それからぴょんと少女の手から跳び下りると、嬉しそうに踊っている。
花畑を荒らしていた悪い熊はもういない。
少女と熊のぬいぐるみは、きっと友達になったのだ。
けれど、しかし……。
「まぁ、何てことなの! 花畑を荒らすぬいぐるみさんがこんなにたくさん!」
いつの間にか、少女の周りにはたくさんのぬいぐるみに溢れていた。
ぬいぐるみは、少女を責めるような仕草で地団駄を踏んで騒いでいる。その度に、きれいな花が花弁を散らす。
少女はそれが悲しかった。
だから、悪いことをするぬいぐるみにお仕置きをすることにした。
「べあー!」
「熊さんも手伝ってくれるの? うん、分かったわ! 一緒にぬいぐるみさんたちに“メッ”てしましょう!」
花畑を守るため。
ぬいぐるみたちにお仕置きをして、仲直りして友達になるため。
少女は小さな拳を握って「えいえいおー!」と気合を入れた。
●血みどろ
「さて、ご覧の通り……そこにあるのは血の海と、地面を這いまわるアンデッドの群ればかり」
天義。
とある渓谷の底を見下ろしてイフタフ・ヤー・シムシム(p3n000231)はそう言った。

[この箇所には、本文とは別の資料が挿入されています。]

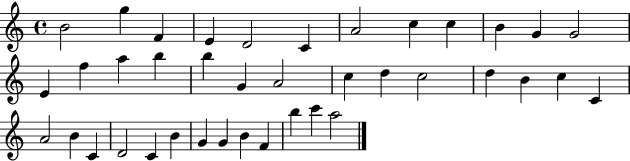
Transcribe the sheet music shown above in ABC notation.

X:1
T:Untitled
M:4/4
L:1/4
K:C
B2 g F E D2 C A2 c c B G G2 E f a b b G A2 c d c2 d B c C A2 B C D2 C B G G B F b c' a2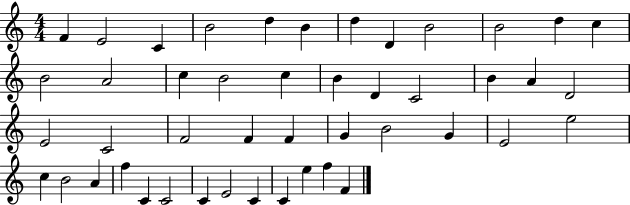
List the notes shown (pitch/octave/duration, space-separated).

谷底には粗末な小屋や、テントが乱雑に並んでいる。おそらく、どこかの国から……きっと、鉄帝国の辺りから流れて来た犯罪者や盗賊たちが住み着いていたのだろう。
その数はおよそ30人。
けれど、現在のところ生者はただの1人もいない。
「先ほど、先遣隊に様子を見てもらったっすけど……アンデッドたちは近づいて来る“生者”を襲うみたいっすね。その攻撃に特別な効果が付与されているなんてことはないっすけど、首を落としても、頭を砕いても、心臓を貫いても動きを止めることは無いッス」
そう言ってイフタフは、地面ににょろにょろとした線を描いた。
「こんな風な“線蟲”がアンデッドの体内に住み着いてるっス。これを潰すことでアンデッドは元の死体に戻るっぽいっすね」
それから、と。
イフタフは次に谷底を指さした。
地面を這いまわるアンデッドの群れは、どうやら一定の方向へと向かっているようだ。その進路の先、谷底を抜けると小さな泉が確認できる。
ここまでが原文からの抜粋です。